We humans love our rocks! We will deem a place a Wonder of the World in a heartbeat if we discover some old, dusty rocks there. Stonehenge, Great Pyramid of Giza, Temple of Artemis at Ephesus, Machu Picchu–I can go on and on about famous stones that were named a Wonder of the World or World Heritage Site at some point. Okay, okay, maybe these places are kinda interesting (of course they are), but at some point it dawns on you that you’ve spent thousands of dollars and traveled hundreds of miles to see some hardened dirt…
In 2007 I found myself in Rome to see some famous rocks. I quickly discovered that I’m not a huge fan of Rome. The city is a cacophony of old and new structures, but it lacks elegance and beauty. Every surface is covered in graffiti and not the artistic kind. It’s easier to get robbed in Rome than it is in New York City and that’s saying something. Nevertheless, it’s certainly one of those cities that you MUST visit in your lifetime.
I was there first with Max in 2007, which I’ll write about now, and then again with my family in 2013, which I wrote about here. Max and I stayed at a modern, beautiful and very convenient bed and breakfast named Caputmundisuite. The owner, Anna Maria, was wonderful and took care of our every need. I definitely recommend staying there. The B&B is a quick walk from Vatican City and Piazza del Popolo and also very close to the train.
We had a pretty loose itinerary but here are the places we visited during our two and a half days in Rome.
1. Piazza del Popolo for the View
Piazza del Popolo is a huge circular square accented by the twin Churches of Santa Maria dei Miracoli and Santa Maria di Montesanto, the towering Egyptian obelisk (known as the Oblisco Flaminio), which is the oldest and second tallest in Rome, and the two Valadier fountains. In history the square was the site of public executions, fairs, carnivals, games and competitions, and it’s named after “the people.” Steps from Piazza del Popolo lead up to Pincian Hill, where many ancient Roman families built villas and gardens. One of these villas, Villa Medici is now a museum and it’s possible to tour the gardens. The view from Pincian Hill overlooking Piazza del Popolo toward St. Peter’s Basilica is stunning, especially at sunset.

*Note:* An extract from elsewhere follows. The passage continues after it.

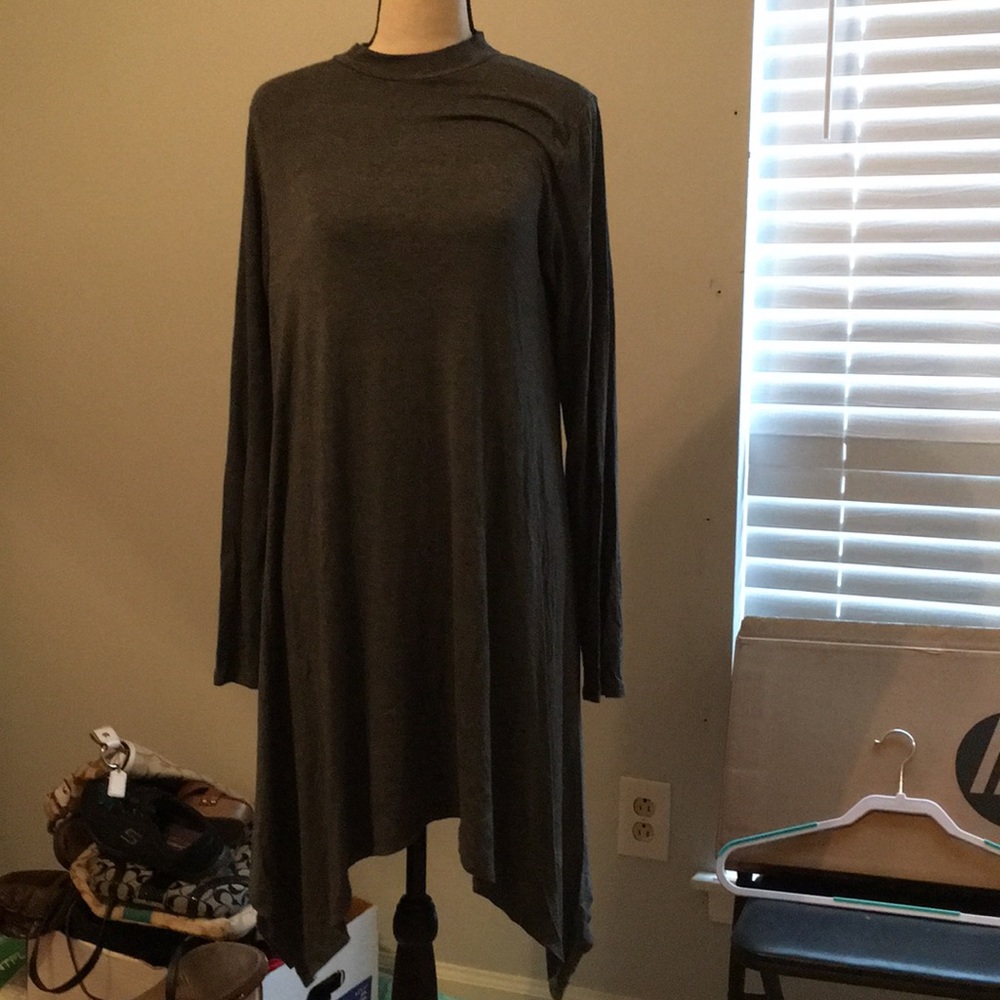 Long sleeve light weight mid length grey dress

2. Spanish Steps and Piazza di Spagna for the People Watching
On foot from Piazza del Popolo and up over Pincian Hill, we arrived at Piazza del Spagna at the base of the Spanish Steps and the site of the French church of the Santissima Trinità dei Monti. The church sits atop the imposing 135-step staircase. At the foot of the stairs is the famous Fontana della Barcaccia. And at the right corner of the Spanish Steps there is the house of the English poet John Keats, who lived there until his death in 1821. The highlight here is the people watching–hundreds of folks fill the square and lounge on the steps, day or night.
3. Fontana di Trevi to Make a Wish
Our evening stroll continued to the massive Trevi Fountain, an impressive 86 ft high and 161 ft wide fountain. According to Wikipedia, legend says that in 19 BC thirsty Roman soldiers were guided by a young girl to a source of pure water eight miles from the city of Rome. Augustus commissioned the construction of a 13-mile aqueduct from the site leading into the city, which was named Aqua Virgo, or Virgin Waters, in honor of the young girl. Today, people toss coins using the right hand over the left shoulder, while making a wish that I suppose the virgin may answer if she feels up to it. An estimated 3,000 Euros are thrown into the fountain each day.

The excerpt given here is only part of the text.